For all the practical benefits both elevators and cars have brought to the modern human, they certainly have a big drawback on the average fitness. I try to use stairs as much as possible, and on an average day I certainly klimb 12 flights, but would no longer consider an appartment in the 3rd floor without an elevator for when it is needed.


> most people, including myself, take the stairs when we move between floors for meeting, cafeteria, etc.

How common is this? I never see people take the stairs when there's an elevator. I always take the elevator even if it's just one floor and I have to wait a while.


I never take the elevator for one floor, unless I'm with people who'd moan if we took the stairs. The stairs are much quicker, and I'm impatient.


This is by far the easiest way to build some exercise into your daily routine. I have a hard time grasping why people stand on escalators, as well.


The problem with escalators is, that the steps are usually higher than those of stairs, as they are not optimized for walking. If you are very tall, this makes little difference, but for not so tall people, using the steps of an escalator is a bit uncomfortable. As a consequence, I usually step them only on very short escalators or when I am in quite of a hurry.


In the early 1980s, I would routinely walk up the escalators, including stopped ones, on the deepest Washington Metro stations. In the 2010s, I take the elevator two floors. I walk several miles per day, I run varying distances each weekend, but something in one knee doesn't like stairs these days.

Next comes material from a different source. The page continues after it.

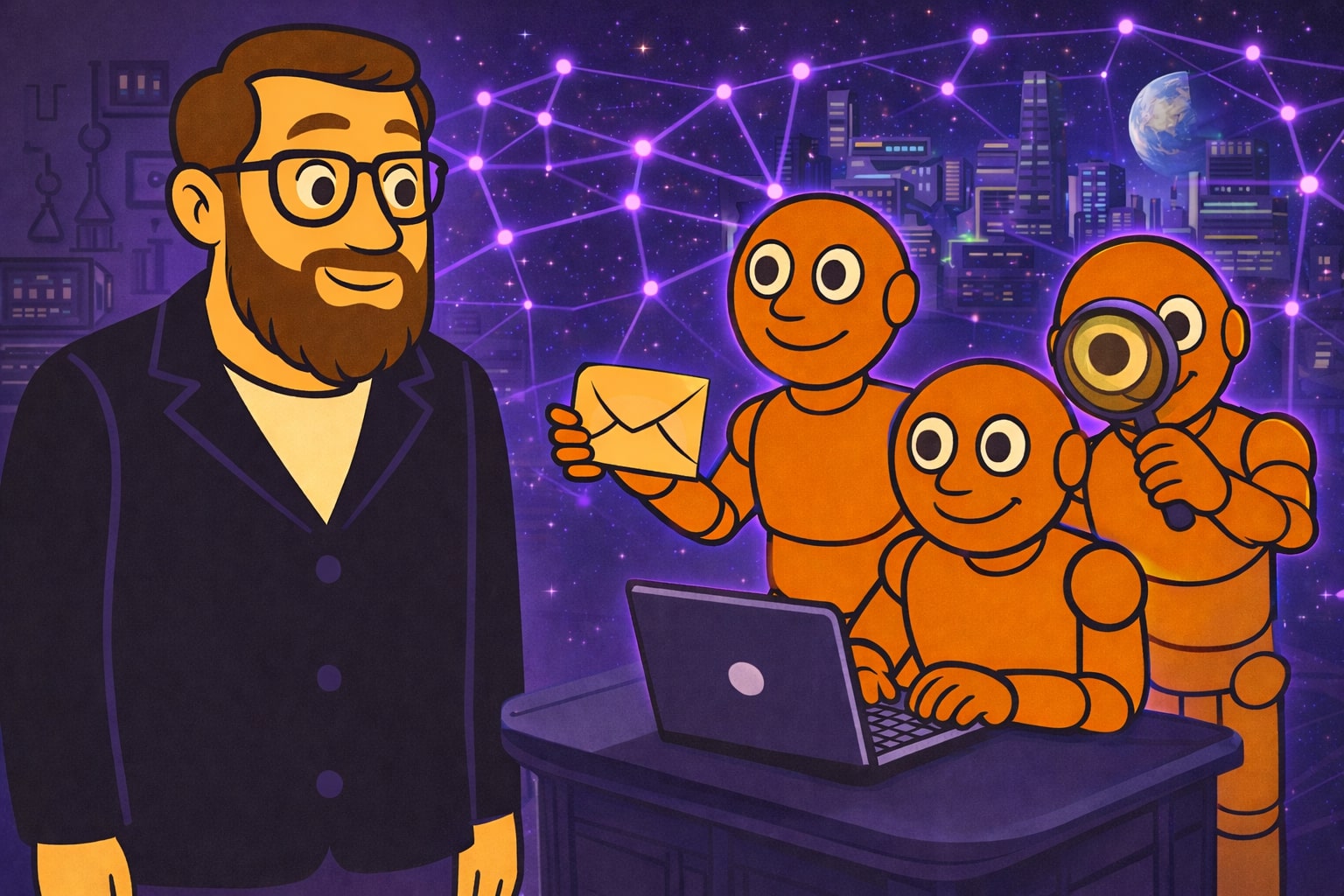 Как ИИ научился пользоваться компьютером и почему интернет к этому не готов — лучшие статьи ноября 2025 - 1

Maybe it's a default cultural thing at your company. Possibly taking the steps is a "nudge" to suggest. Taking an elevator for one floor would seem almost weird where I work unless there were some physical issue.

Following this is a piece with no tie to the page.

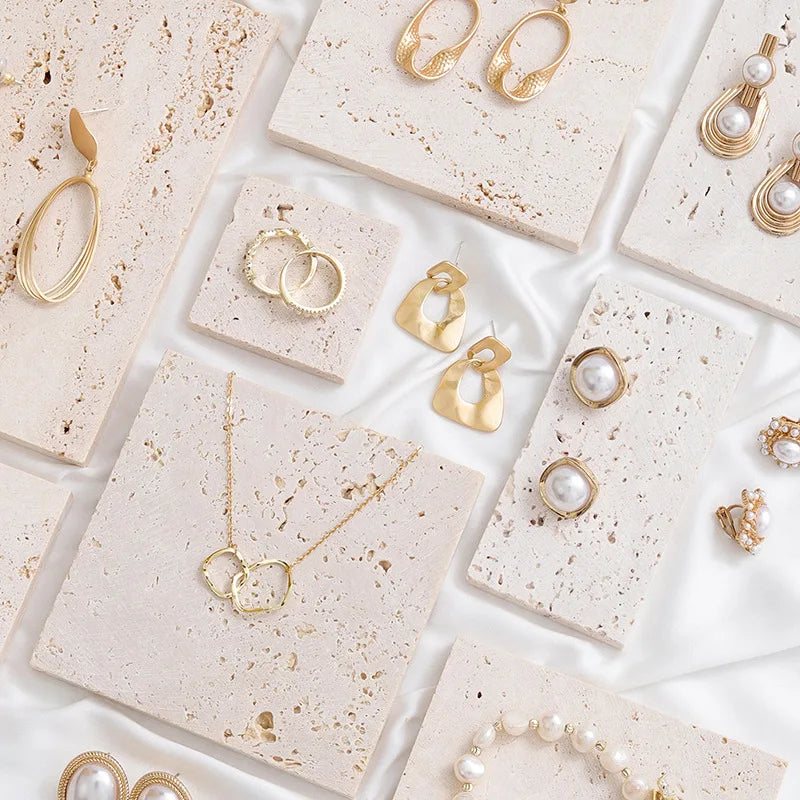 Présentoir Bijoux Pierre Naturelle Photographie Studio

Lots of people do it for the steps. I take the stairs pretty much anytime I know where they are. I guess I'd think about it for more than a few stories.


The stairs in your office likely are a lot less steep than the ones in those apartment buildings.

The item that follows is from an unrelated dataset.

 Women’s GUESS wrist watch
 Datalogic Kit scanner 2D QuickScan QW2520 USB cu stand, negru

Also, if you had heating, somebody had to lug up coal, and parents (about everybody was one, at the time, and the mothers were pregnant quite often) would have to lug up small children.

And it isn’t “5 flights of stairs a day”. Chances are the toilet was at least one stair away, too.


I'd say that the difference between lots of stairs and and no stairs is enough to cause a difference in price for rent. I'd say that this is the market working as intended. Or, if you believe that it is not a big deal, you can abuse the market inefficiency ;)


Also your water pressure sucks.


> Also your water pressure sucks.

That isn't my experience with the top floors of NYC prewar walkups today (and trust me, I've had a lot of that!), but I could see that being an issue in other places or in previous times.

I don't think that'd have been a driving factor in ancient Rome, though, given how different their uses of their plumbing technology were from ours. They had public toilets and baths (at ground level), so water pressure for washing and bathing wouldn't be a concern for top-floor apartments the way it would be for us today.


At least the heating is free the other 6 months of the year.


On the other hand, you get a good amount of light.


Indeed. But not only fire risk -- stairs are a pain.

I believe that the upper floors of all the pretty buildings in Paris were cheaper before elevators, too. (Perhaps the streets were quieter then too.)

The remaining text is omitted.